Soixante ans, c’est un âge vénérable mais il en est finalement des spectacles d’opéra comme de pas mal de choses. Une fois franchi un certain cap, ils deviennent imperméables aux modes, mieux qu’intemporels : classiques. Puis Tosca, au contraire d’autres ouvrages du répertoire, n’autorise pas ces lectures originales, voire subversives, que notre époque affectionne. Livret et partition ensemble unis s’opposent à toute tentative d’interprétation. Ce n’est pas de substances scéniques illicites que se nourrit le polar lyrique de Puccini mais de voix et de musique. Il lui faut pour remplir son office théâtral des chanteurs sauvages tenus au collier par un chef d’orchestre dont la baguette est le fouet du dompteur.

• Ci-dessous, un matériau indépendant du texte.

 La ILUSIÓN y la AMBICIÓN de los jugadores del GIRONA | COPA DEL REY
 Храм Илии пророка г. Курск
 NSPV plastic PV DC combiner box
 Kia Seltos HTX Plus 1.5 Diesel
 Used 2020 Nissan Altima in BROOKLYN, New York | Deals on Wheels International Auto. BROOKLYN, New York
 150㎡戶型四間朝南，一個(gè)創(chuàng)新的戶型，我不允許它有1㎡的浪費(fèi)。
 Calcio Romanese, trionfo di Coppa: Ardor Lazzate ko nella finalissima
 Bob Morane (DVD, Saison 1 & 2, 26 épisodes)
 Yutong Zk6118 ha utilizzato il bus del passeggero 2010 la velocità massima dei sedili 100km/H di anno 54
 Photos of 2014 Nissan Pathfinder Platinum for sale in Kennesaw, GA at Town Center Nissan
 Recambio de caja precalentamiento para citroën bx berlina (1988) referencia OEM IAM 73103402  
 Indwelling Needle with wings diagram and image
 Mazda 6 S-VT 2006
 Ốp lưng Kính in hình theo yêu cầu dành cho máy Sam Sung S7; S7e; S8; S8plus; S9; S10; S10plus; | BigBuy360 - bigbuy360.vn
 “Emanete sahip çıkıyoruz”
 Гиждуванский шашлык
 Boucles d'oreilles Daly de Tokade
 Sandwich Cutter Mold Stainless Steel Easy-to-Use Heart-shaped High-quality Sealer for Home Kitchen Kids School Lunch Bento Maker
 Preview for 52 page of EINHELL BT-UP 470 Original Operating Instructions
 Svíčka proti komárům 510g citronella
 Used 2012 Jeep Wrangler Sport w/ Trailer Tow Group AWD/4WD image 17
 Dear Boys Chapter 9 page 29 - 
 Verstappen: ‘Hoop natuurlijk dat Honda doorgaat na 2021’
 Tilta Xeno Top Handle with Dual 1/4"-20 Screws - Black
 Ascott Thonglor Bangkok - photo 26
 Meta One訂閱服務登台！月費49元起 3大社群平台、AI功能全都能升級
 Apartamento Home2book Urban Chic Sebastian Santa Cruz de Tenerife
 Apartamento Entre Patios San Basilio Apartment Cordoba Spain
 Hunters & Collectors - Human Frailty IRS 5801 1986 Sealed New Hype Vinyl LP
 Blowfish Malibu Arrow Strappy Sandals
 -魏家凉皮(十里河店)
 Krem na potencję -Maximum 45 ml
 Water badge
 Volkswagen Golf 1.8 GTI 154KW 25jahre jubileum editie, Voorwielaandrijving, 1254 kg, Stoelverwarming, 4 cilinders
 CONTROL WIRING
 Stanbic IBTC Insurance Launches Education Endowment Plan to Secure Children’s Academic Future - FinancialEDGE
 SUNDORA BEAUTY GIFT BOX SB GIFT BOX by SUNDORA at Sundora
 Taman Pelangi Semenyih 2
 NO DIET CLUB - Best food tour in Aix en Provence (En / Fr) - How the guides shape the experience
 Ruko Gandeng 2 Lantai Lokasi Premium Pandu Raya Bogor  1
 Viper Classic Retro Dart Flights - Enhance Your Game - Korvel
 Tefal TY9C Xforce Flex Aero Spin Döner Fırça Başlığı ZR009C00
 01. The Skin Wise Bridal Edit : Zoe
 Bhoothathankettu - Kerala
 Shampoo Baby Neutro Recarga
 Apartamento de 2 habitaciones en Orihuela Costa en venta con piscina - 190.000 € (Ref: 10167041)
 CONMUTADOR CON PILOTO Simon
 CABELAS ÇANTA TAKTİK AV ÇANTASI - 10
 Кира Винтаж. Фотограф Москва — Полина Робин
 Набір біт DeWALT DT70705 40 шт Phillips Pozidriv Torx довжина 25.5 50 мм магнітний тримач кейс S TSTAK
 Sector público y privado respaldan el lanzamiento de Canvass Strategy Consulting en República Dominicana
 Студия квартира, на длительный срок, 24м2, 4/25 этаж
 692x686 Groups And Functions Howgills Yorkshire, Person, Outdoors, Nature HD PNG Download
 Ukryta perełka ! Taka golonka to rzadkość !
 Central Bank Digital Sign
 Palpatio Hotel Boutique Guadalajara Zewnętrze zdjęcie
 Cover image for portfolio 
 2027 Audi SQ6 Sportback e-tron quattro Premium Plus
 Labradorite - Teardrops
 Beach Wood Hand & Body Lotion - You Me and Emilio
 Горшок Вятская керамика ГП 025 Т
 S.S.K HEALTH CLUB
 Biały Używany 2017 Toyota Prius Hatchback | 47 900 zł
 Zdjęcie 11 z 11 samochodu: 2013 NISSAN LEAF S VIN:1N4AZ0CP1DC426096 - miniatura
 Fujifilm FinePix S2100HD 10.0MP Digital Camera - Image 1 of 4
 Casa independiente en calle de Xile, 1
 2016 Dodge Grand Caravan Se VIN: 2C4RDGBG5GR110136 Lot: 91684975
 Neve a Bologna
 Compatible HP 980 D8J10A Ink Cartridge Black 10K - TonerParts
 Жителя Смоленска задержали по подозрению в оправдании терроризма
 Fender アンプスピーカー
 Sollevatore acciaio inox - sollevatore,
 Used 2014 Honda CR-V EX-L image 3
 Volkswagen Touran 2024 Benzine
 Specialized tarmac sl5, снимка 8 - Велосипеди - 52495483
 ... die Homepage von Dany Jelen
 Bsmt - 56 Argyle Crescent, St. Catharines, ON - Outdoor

Le Wiener Staastoper promettait Hampson, Pieczonka et Antonenko dirigés par Domingo. Les hasards de l’hiver ont écartés les deux premiers au profit de Marco Vratogna et Sae Kyung Rim. Ces changements de distribution ont parfois valeur de révélation. Des artistes, placés opportunément sous des sunlights qui les avaient jusqu’alors ignorés, accèdent au tremplin de la gloire. Il arrive aussi que les remplaçants, sans démériter, ne marquent pas la représentation d’une empreinte indélébile. On rangera la soirée dans cette deuxième catégorie. Il ne s’agit pas de remettre en question le talent des deux interprètes. Qualité Vienne oblige, l’un et l’autre figurent parmi les meilleurs de leur catégorie. Le baryton possède un de ces formats héroïques nécessaire pour dominer les coups et les à-coups d’une partition intraitable. La projection est imparable et le timbre n’est pas dépourvu d’élégance, trop d’ailleurs. On voudrait Scarpia haïssable, teigneux, pervers, la bave aux lèvres. Le préfet de police ici porte une fleur à la boutonnière. La soprano, elle aussi, possède d’indéniables qualités vocales, bien qu’au contraire de son partenaire, le bas de la tessiture lui échappe. L’expression surtout fait cruellement défaut, au mieux conventionnelle, au pire absente comme si chacune des répliques que Puccini offre à son héroïne était passé dans un rouleau compresseur qui en ôterait tout relief.
Tosca sans Tosca, que reste-t-il ? Mario lorsqu’il est interprété par Aleksandrs Antonenko avec un souci de nuance dont on n’aurait pas cru le ténor capable : « E lucevan le stelle » étonnamment allégé, murmuré avec sincérité, ce qui auparavant n’empêche pas le « Vittoria » de faire trembler le lustre et d’une manière générale la vaillance de prendre le pas sur les sentiments, sans contresens et sans que la ligne de chant en souffre. Il reste aussi Placido Domingo, non pas ténor ou baryton mais chef d’orchestre, à la tête d’une phalange qui est aux ensembles instrumentaux ce que Ferrari est aux voitures ; maestro grisé par la puissance du bolide au point de parfois dépasser la limitation de volume mais si familier de l’œuvre qu’il respire de concert avec la musique, mettant au moment des saluts finaux la salle debout.